• EXERCISE GOAL: Please restate the data below word for word, omitting all images.

START RECORDS SUPPLIED

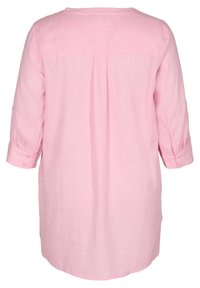 Camicia tunica in lino rosa con maniche a tre quarti, dettaglio di piega sul retro e polsini bottonati. Tessuto morbido e lunghezza maggiore per una facile vestibilità.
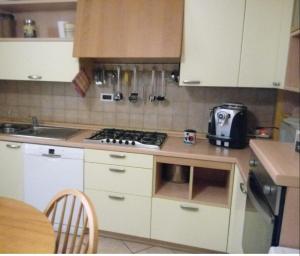 Kuchyňa alebo kuchynka v ubytovaní Iris Casa Vacanze
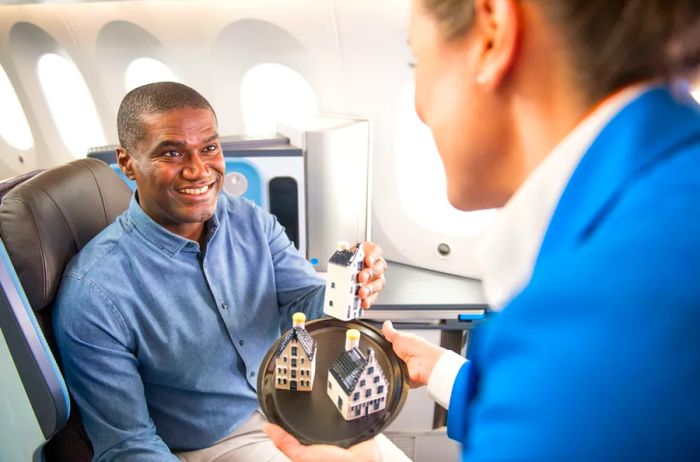 A flight attendant on KLM Business Class distributing the airline's collectible miniature Delft Blue houses.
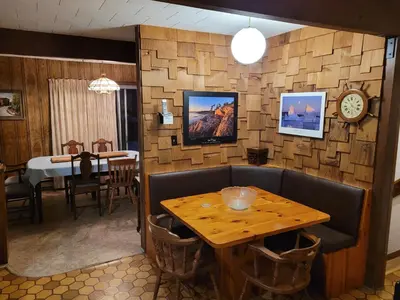 a dining room with a wooden table and a table and a dining room at Bowering Lodge in Blue Mountains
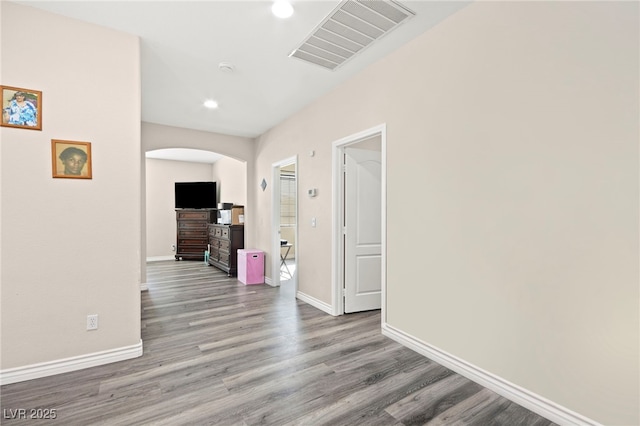 corridor featuring arched walkways, recessed lighting, baseboards, wood finished floors, and visible vents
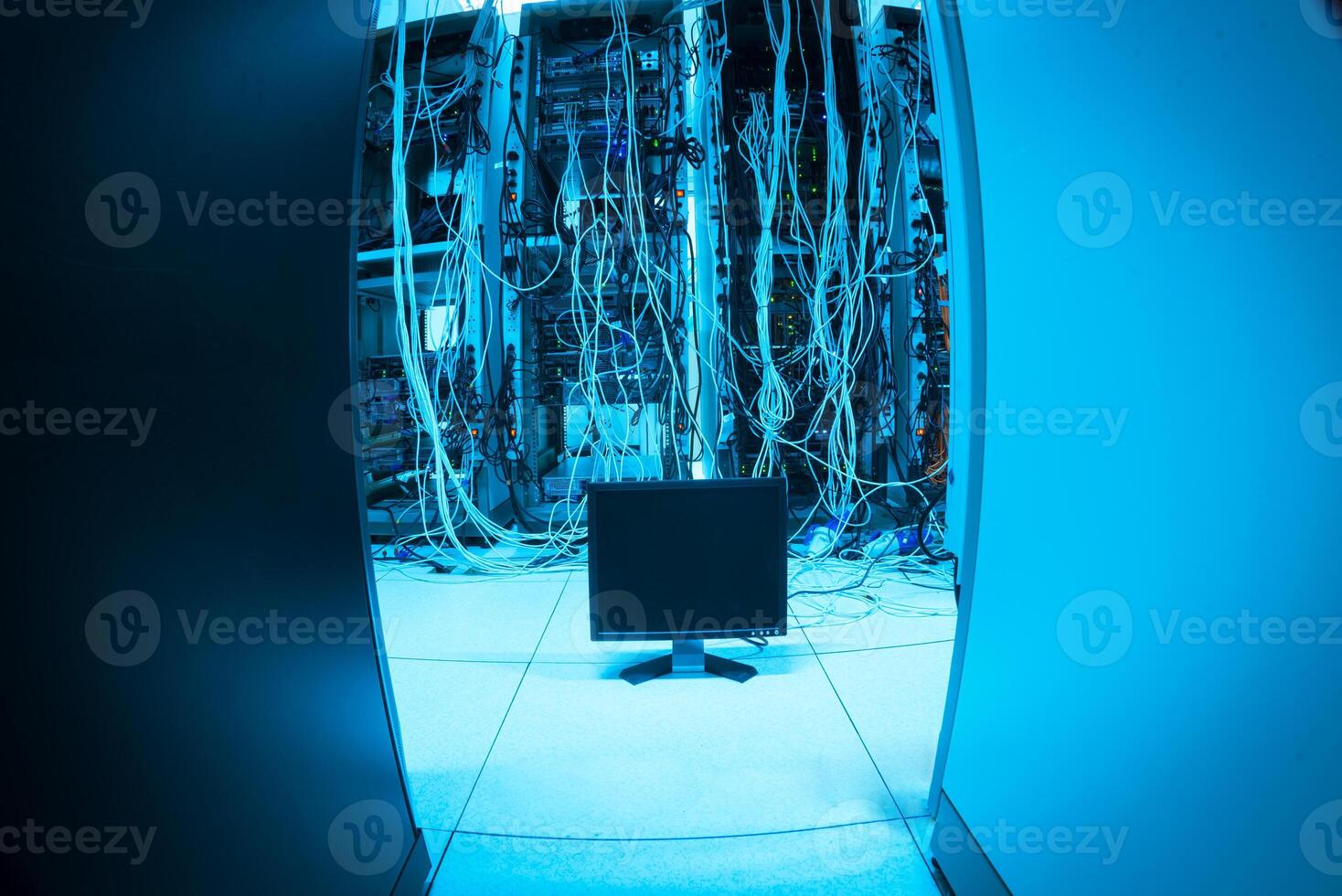 A computer monitor in a dark room with wires photo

END RECORDS SUPPLIED

• EXERCISE SOLUTION:
 Camicia tunica in lino rosa con maniche a tre quarti, dettaglio di piega sul retro e polsini bottonati. Tessuto morbido e lunghezza maggiore per una facile vestibilità.
 Kuchyňa alebo kuchynka v ubytovaní Iris Casa Vacanze
 A flight attendant on KLM Business Class distributing the airline's collectible miniature Delft Blue houses.
 a dining room with a wooden table and a table and a dining room at Bowering Lodge in Blue Mountains
 corridor featuring arched walkways, recessed lighting, baseboards, wood finished floors, and visible vents
 A computer monitor in a dark room with wires photo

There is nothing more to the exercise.